Anonymity and Privacy-Enhancing Mechanisms for AI-Based e-Health Systems
摘要
Healthcare capabilities have evolved throughout the years by integrating advanced technologies such as Artificial Intelligence (AI), Machine Learning (ML), Deep Learning (DL), and Cloud Computing. These technologies allow real-time remote monitoring, enhance diagnostic accuracy, and optimize resource utilization in e-health structures. Nevertheless, AI-based healthcare services add various privacy concerns, particularly regarding the handling of sensitive patient data in compliance with global regulations, such as General Data Protection Regulation (GDPR) and Health Insurance Portability and Accountability Act (HIPAA).
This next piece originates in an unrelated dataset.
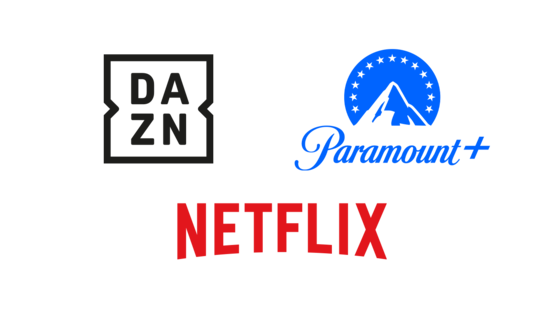 Logos von Netflix, Paramount+ und Dazn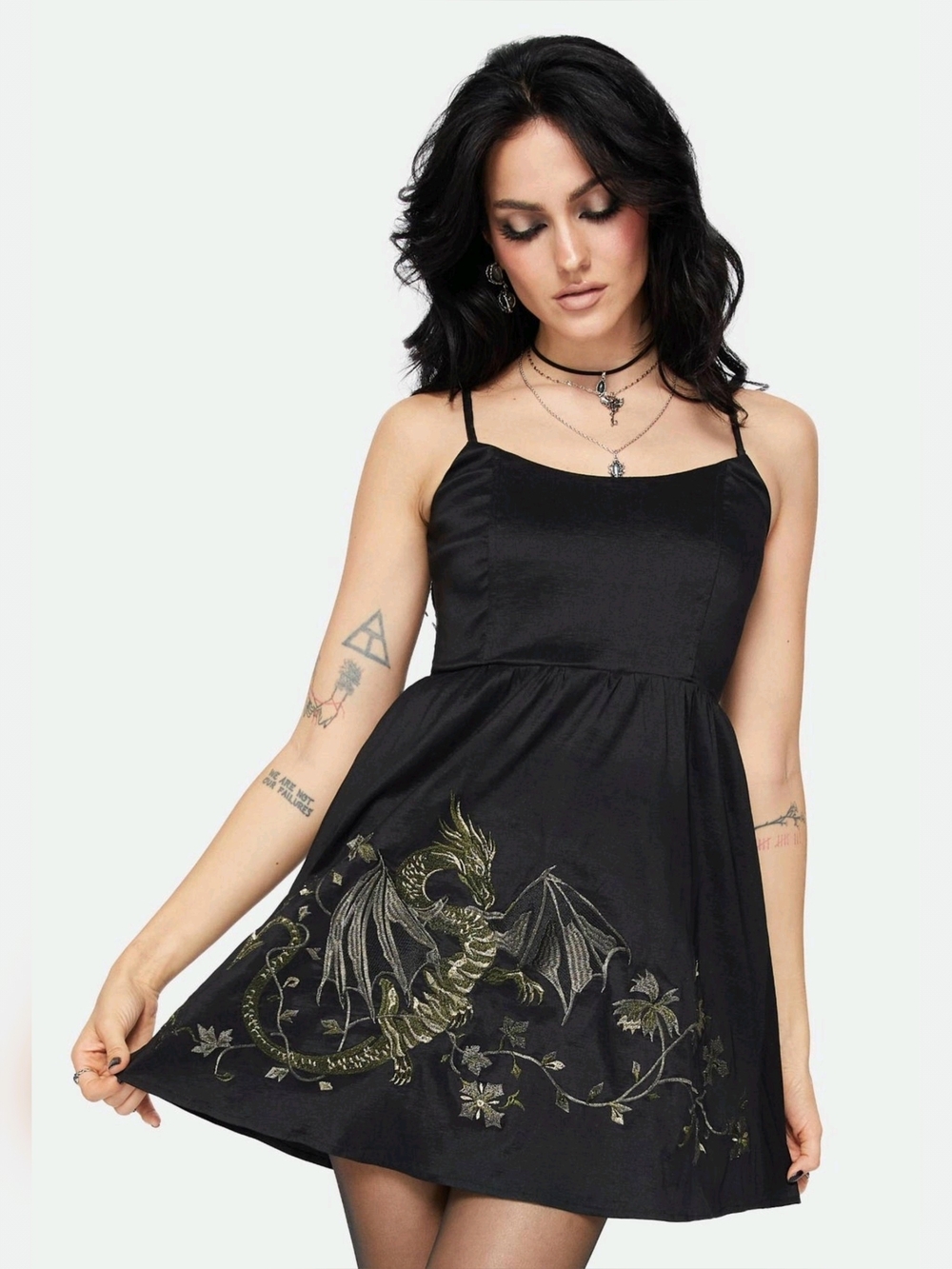 NWT! Disturbia Muse Dragon Embroidery Mini Dress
Privacy-preserving techniques, including Homomorphic Encryption (HE), Secure Multi-Party Computation (SMPC), Zero-Knowledge Proofs (ZKP), and Federated Learning (FL), have been proposed to mitigate sensitive data challenges (for data at transit and at rest), by enabling secure data processing without data disclosure to none trusted parties, such as cloud-based AI analytic tools. This chapter aims at assisting healthcare service developers to comprehend the AI-based e-health framework, its security characteristics, and common privacy-enhancing mechanisms. This is achieved, first, by providing an in-depth analysis of AI-based e-health systems, their privacy vulnerabilities and threat models. Second, it analyzes the privacy-enhancing and anonymity mechanisms, their applicability in AI-driven healthcare systems, and their advantages and disadvantages. Finally, some future directions are highlighted for implementing robust and privacy-preserving AI solutions.